# COURSE 2: Data Analysis Tools

Central Limit Theorem

As long as adequately large samples and an adequately large number of samples are used from a population, the distribution of the statistics will be normally distributed.

Hypothesis Testing

Definition: Assessing the evidence provided by the data, in favor of or against each hypothesis about the population.

Methods:

• ANOVA - Analysis of Variance
• X2 - Chi-Square of Independence
1. Specify the null($h_0$), and the alternate ($h_a$) hypothesis
2. Choose a sample
3. Assess the evidence
4. Draw conclusions

p value

Often noted as α, will be compared with “significance level of a test”, usually taken for 0.05. If p-value < α (0.05), the data provides significant evidence against the null hypothesis ($H_0$), so we reject the null hypothesis and accept the alternate hypothesis ($H_a$).

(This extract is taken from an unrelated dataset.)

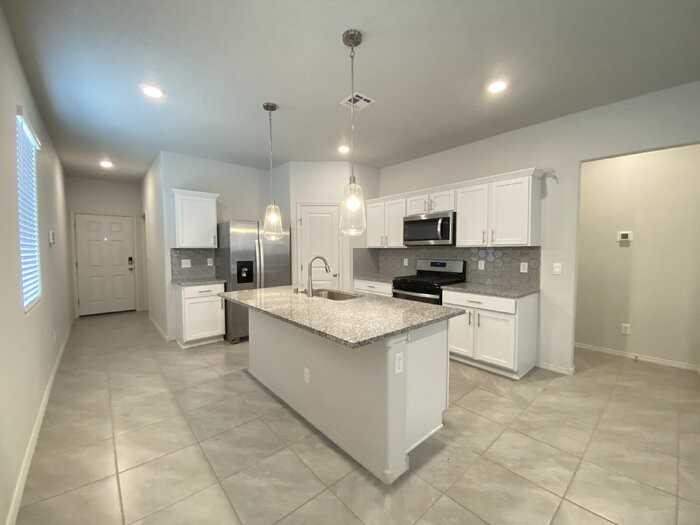 2409 Talisker St Ne - Photo 4 of 23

p value is also known as “Type One Error Rate”, means the number of times out of 100 we would be wrong if we reject the null hypothesis.

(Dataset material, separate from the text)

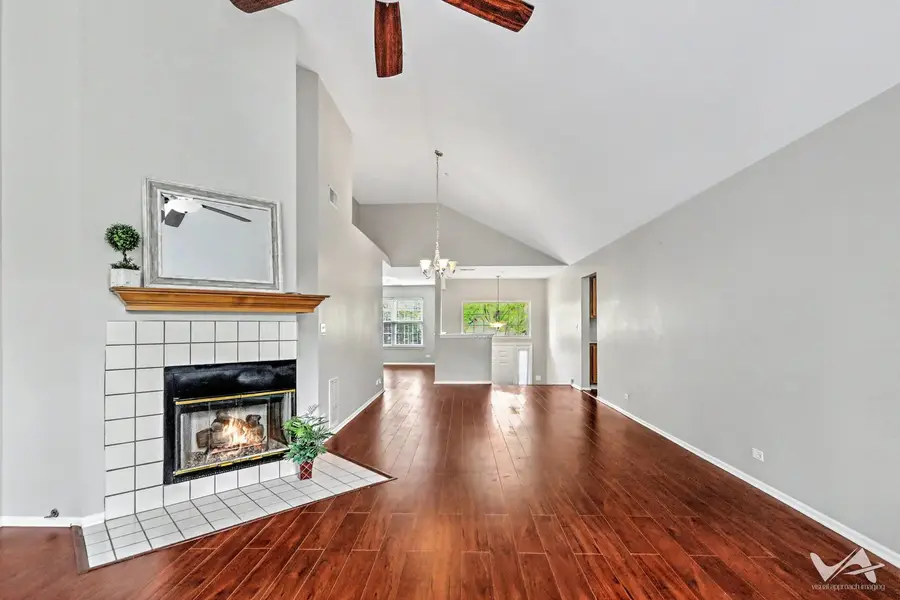 1620 Columbia Circle #2, Bartlett, IL 60103 - #3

Bivariate Statistical tools

• ANOVA - Analysis of Variance
• X2 - Chi-Square of Independence
• r - Correlation Coefficient

How to choose a statistical test?

• C->Q: if you have categorical explanatory and quantitative response, choose ANOVA
• C->C: if you have categorical explanatory and response, choose X2
• Q->Q: if you have quantitative explanatory and response, choose Pearson Correlation
• Q->C: if you have categorical explanatory and quantitative response, you need to categorize your explanatory variable with only two levels then use the Chi-Square of Independence as your inferential test.